The number after .so may vary, but this means you have a version of MySQLdb compiled against one version of MySQL, and are now trying to run it against a different version. The shared library version tends to change between major releases.

Solution: Rebuilt MySQLdb, or get the matching version of MySQL.

Another thing that can cause this: The MySQL libraries may not be on your system path.

Solutions:

set the LD_LIBRARY_PATH environment variable so that it includes the path to the MySQL libraries.

set static=True in site.cfg for static linking

reconfigure your system so that the MySQL libraries are on the default loader path. In Linux, you edit /etc/ld.so.conf and run ldconfig. For Solaris, see Linker and Libraries Guide.

ImportError: ld.so.1: python: fatal: libmtmalloc.so.1: DF_1_NOOPEN tagged object may not be dlopen()'ed

This is a weird one from Solaris. What does it mean? I have no idea. However, things like this can happen if there is some sort of a compiler or environment mismatch between Python and MySQL. For example, on some commercial systems, you might have some code compiled with their own compiler, and other things compiled with GCC. They don't always mesh together. One way to encounter this is by getting binary packages from different vendors.

Solution: Rebuild Python or MySQL (or maybe both) from source.

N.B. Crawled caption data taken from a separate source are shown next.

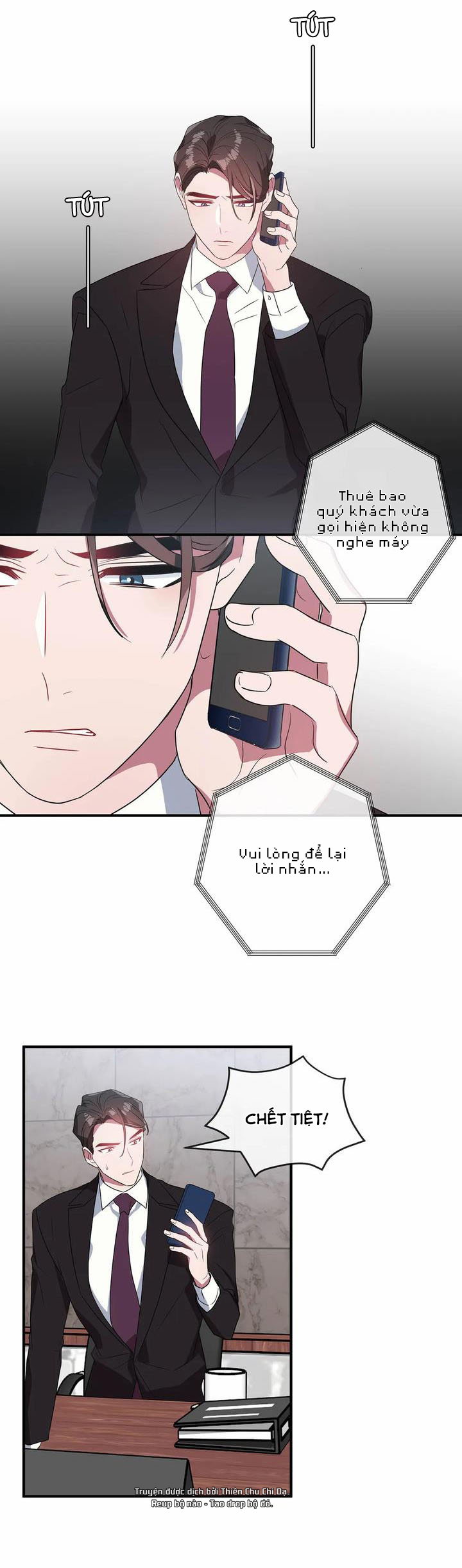 theo đuổi quý ngài ceo chapter 27 6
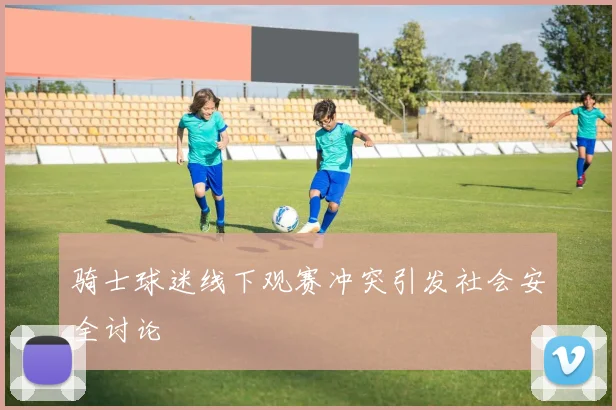 骑士球迷线下观赛冲突引发社会安全讨论
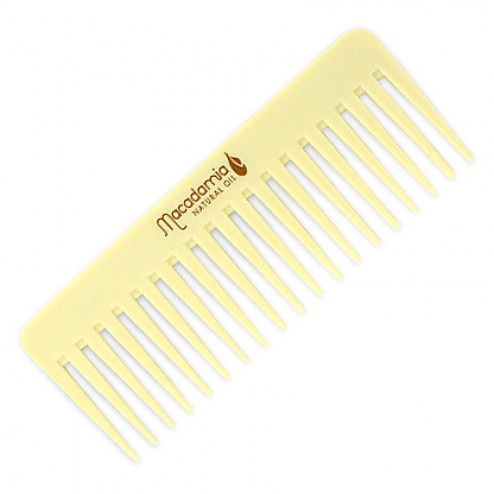 Macadamia Natural Oil Healing Oil Infused Comb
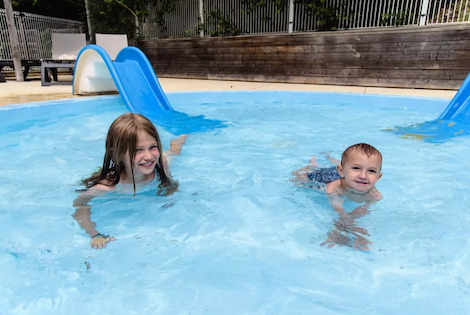 Camping maeva Escapades Coeur d'Ardèche st_vincent_de_durfort France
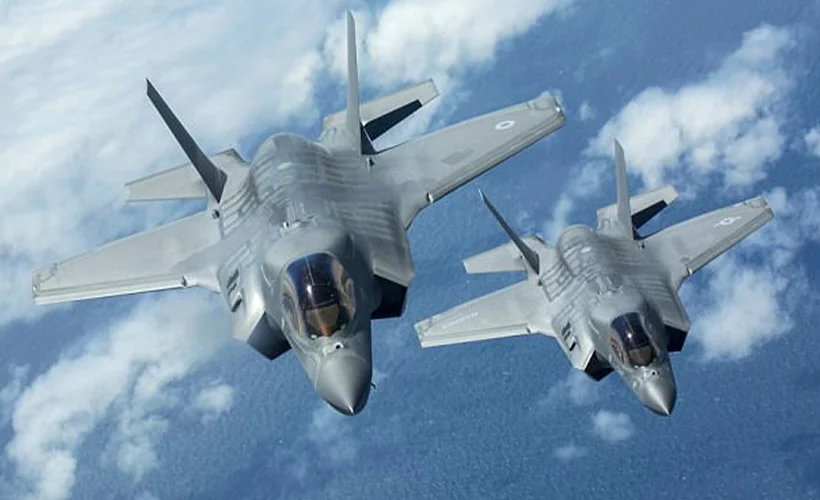 'BAE, F-35 savaş uçakları için ABD'ye resmi başvurusunu yaptı'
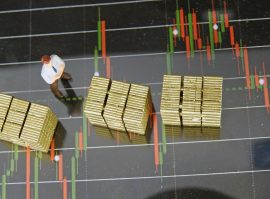 Gold, Goldbarren, Goldpreis (Foto: Goldreporter) Gold, Goldbarren, Goldpreis (Foto: Goldreporter)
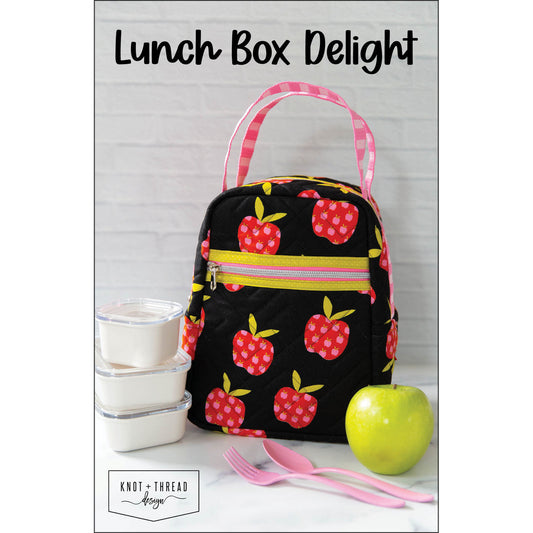 Knot and Thread Lunch Box Delight KAT127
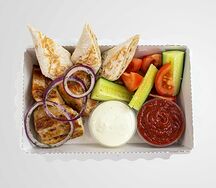 Шашлык из cвинины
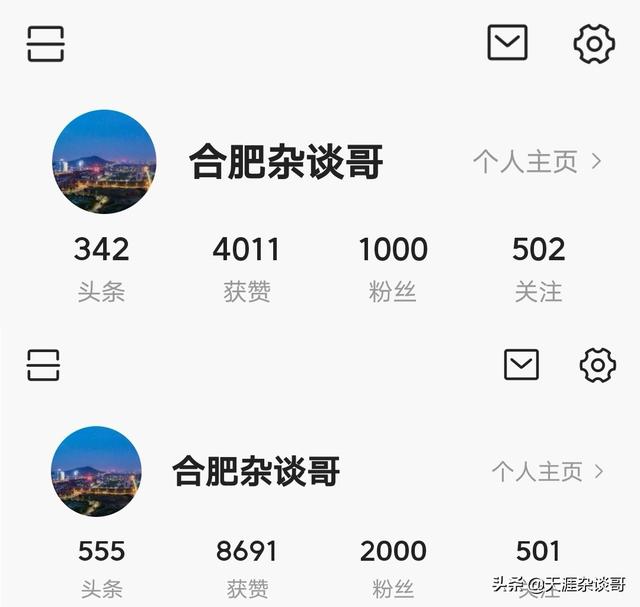 做自媒体上个月赚了3254，业余时间都花在了上面，到底值吗？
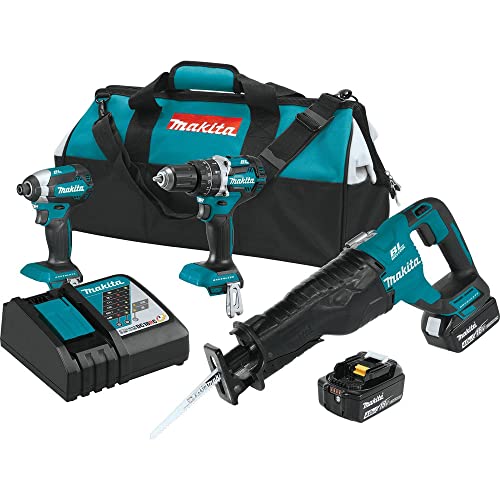 Makita XT328M 3-Pc (4.0Ah)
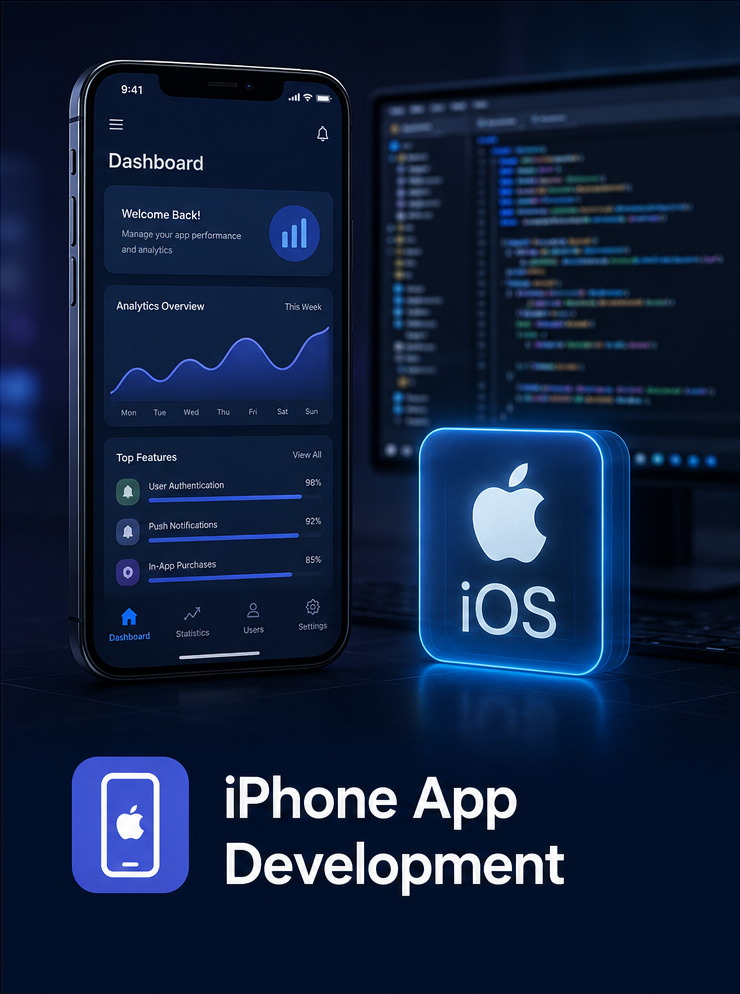 iPhone App Development Sydney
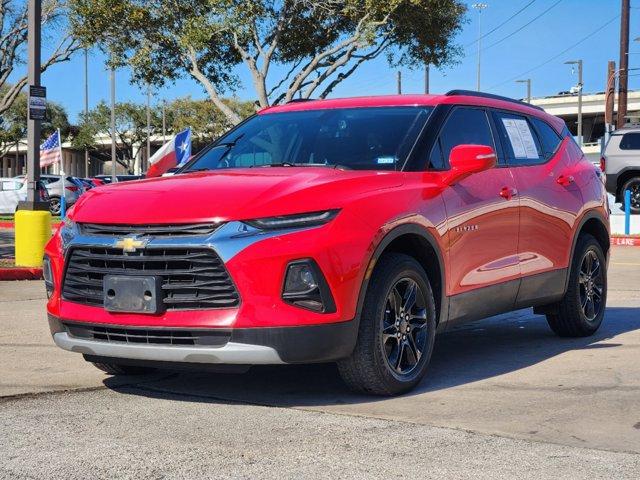 2020 Chevrolet Blazer Vehicle Photo in SUGAR LAND, TX 77478-0000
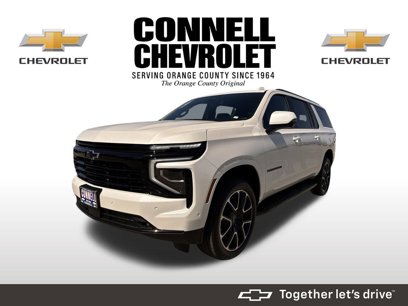New 2025 Chevrolet Suburban RST w/ Comfort Package
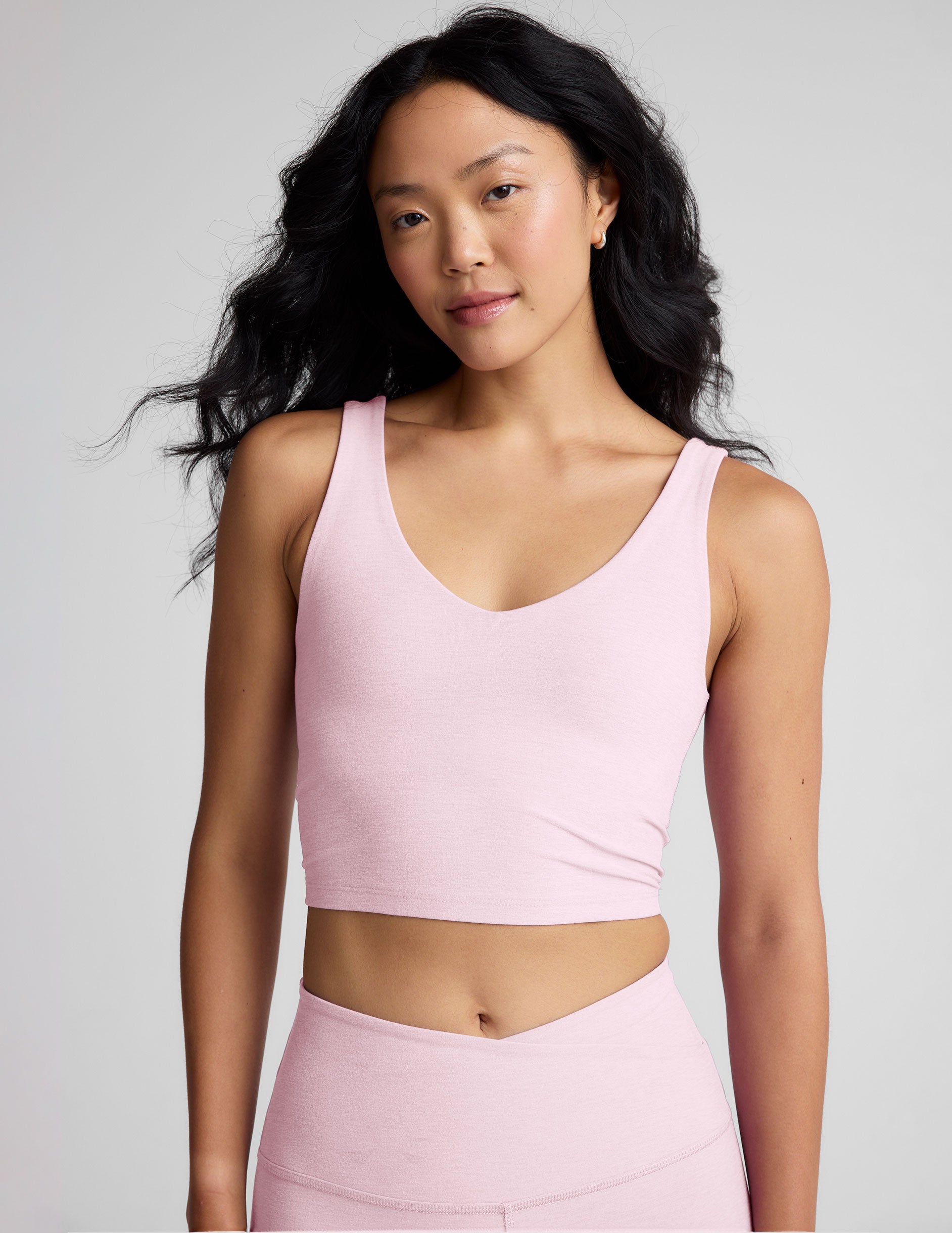 Spacedye Good Day Cropped Tank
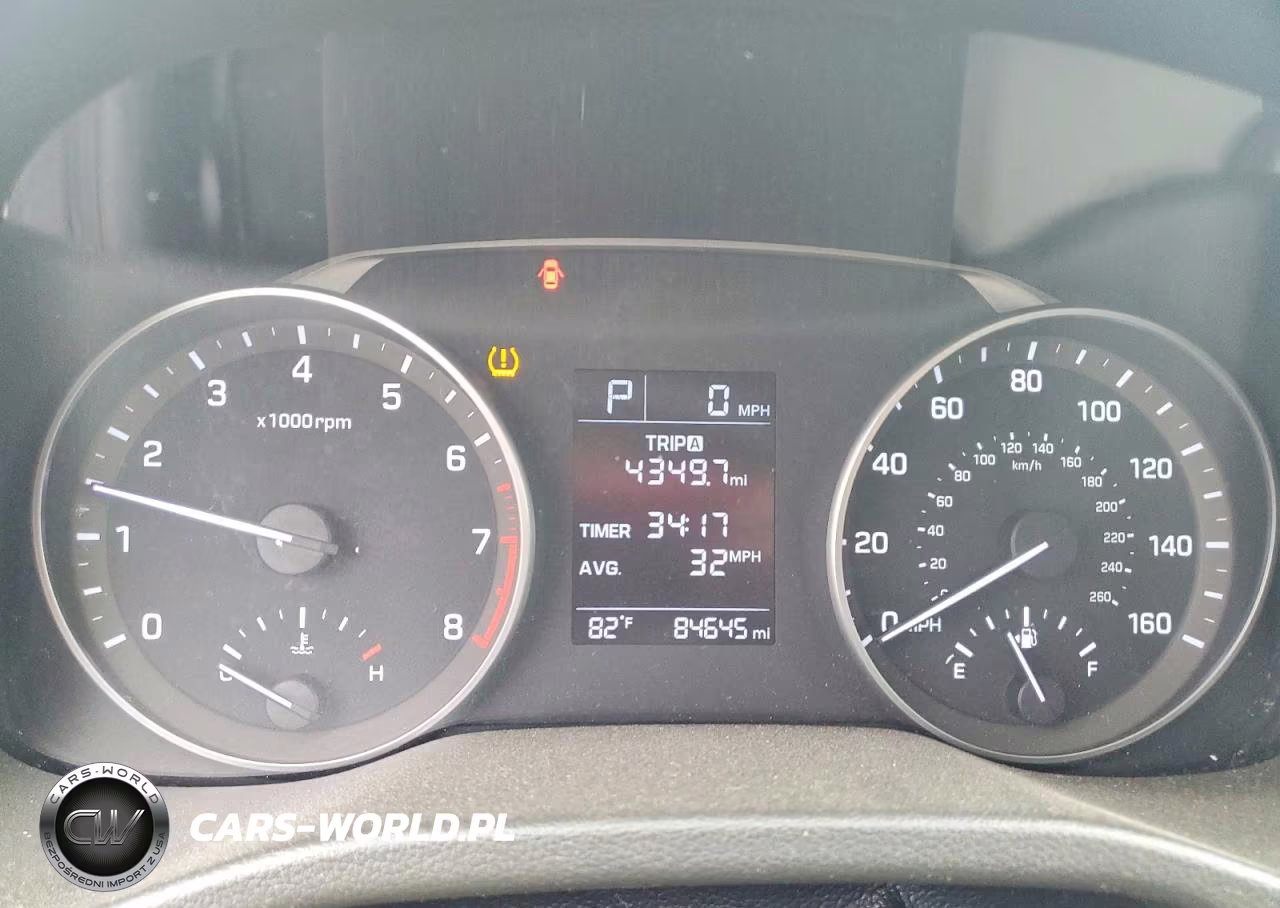 2018 Hyundai Elantra Se VIN:5NPD74LF7JH275163 - 9
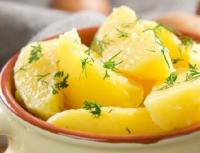 Sautētu kartupeļu kaloriju saturs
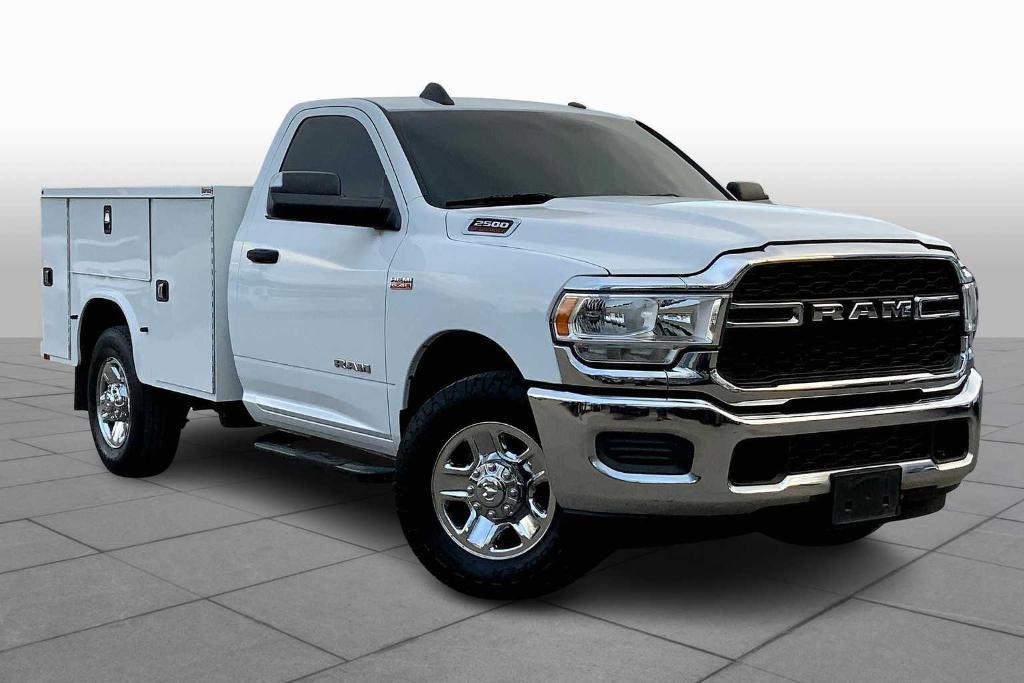 used 2021 Ram 2500 car, priced at $32,999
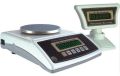 White goldfield jewelry weighing scale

ImportError: dlopen(./_mysql.so, 2): Symbol not found: _sprintf$LDBLStub Referenced from: ./_mysql.so Expected in: dynamic lookup

This is one from Mac OS X. It seems to have been a compiler mismatch, but this time between two different versions of GCC. It seems nearly every major release of GCC changes the ABI in some why, so linking code compiled with GCC-3.3 and GCC-4.0, for example, can be problematic.